Good shootin! Looks like you have a good recipe down!


----------



## B-Money (May 2, 2005)

only thing better is a target you can eat.


----------



## RobaloSunrise (Jun 10, 2011)

Thumbs up



Sent from my iPad using Tapatalk HD


----------



## 27contender (Dec 22, 2008)

Proof Puddin'

R


----------



## ATX 4x4 (Jun 25, 2011)

Excellent round and even better shooting! Well done.


----------



## Bottomsup (Jul 12, 2006)

If thats 200 yards she should be one hole at 100.


----------



## HOO'S NEXT (Aug 22, 2009)

What gun are you shooting?
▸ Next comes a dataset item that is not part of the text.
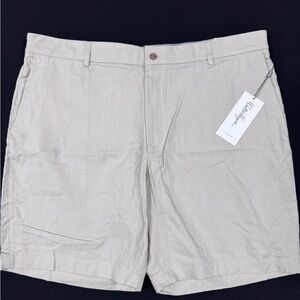 Walter Hagen Classic Cream Men Shorts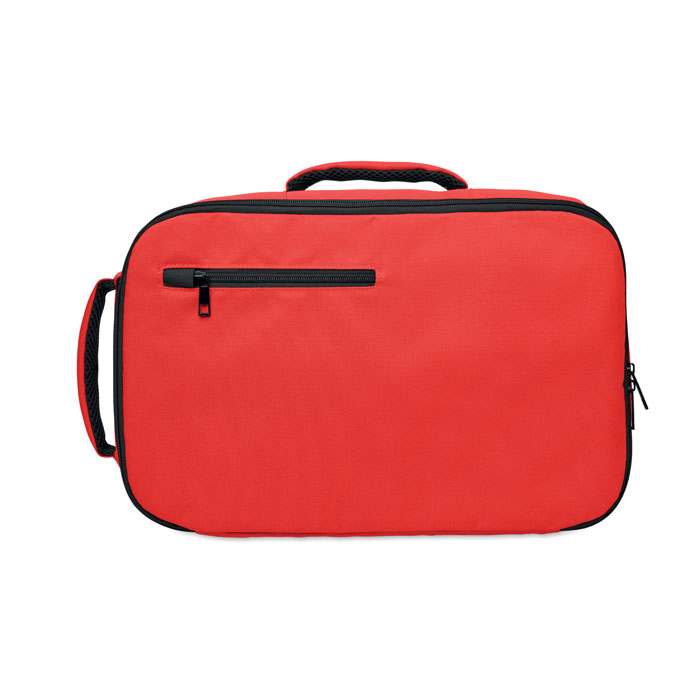 Zaino a mano formato cabina Rosso item picture top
I have a .300 Ultra on my Christmas wish list, just not sure of what make/model to go with. Thanks

Eric


----------



## artys_only (Mar 29, 2005)

*Remington. 700 sendaro*

Mine is stainless with a 26" barrel I think they run around $1200


----------



## TXDRAKE (Jun 24, 2004)

Whats the recipe and numbers if you don't mind sharing?


----------



## artys_only (Mar 29, 2005)

*I will pm you info this evening*

I move to the 215 burger VDL , I will send you numbers tonight , need to look at my books and notes ballistic coafishent way better and down range performance .


----------



## CHARLIE (Jun 2, 2004)

Very nice..


----------



## artys_only (Mar 29, 2005)

*300 load 215 Berger*

What I am loading now is per Berger data using H1000 federal mag primer and 85.8 grains of powder under max load , coal 3.73 , i have a wyatt extended box . will not get out to shoot them until after Christmas should be getting around 3,000 FPS . Will post up verified volictiys after I shoot and some target picks I am starting a 200 yards .


----------



## 27contender (Dec 22, 2008)

I tore mine down the other day because I thought it was shooting left based on the hole in a 100lb hog running to the right 300 yards away. I did find a rub in the stock, so I re-floated the barrel. I shot it at 100 yards, still on the paper. Moved it up a bit and over some to the the right about 4 clicks. It still shoots three kinds of ammo a 150 and two 180s with in 2 inches of each other and all about MOA groupings. Re-floating the barrel did get rid of the tendency for one of the loads to be to the right about 1". I guess it changed the barrel harmonics. Not that I could hear it sing. The gun shoot well for me, it even drew attention from the fellow two seats down shooting the same hole with a canary yellow custom gun with 2 grams of trigger pull. He invited me down to shoot his gun in a vice and I found that I could do the same thing. I think there are inherently accurate guns of various calibers and you have one!

Congrats. Let the good times roll!

R


----------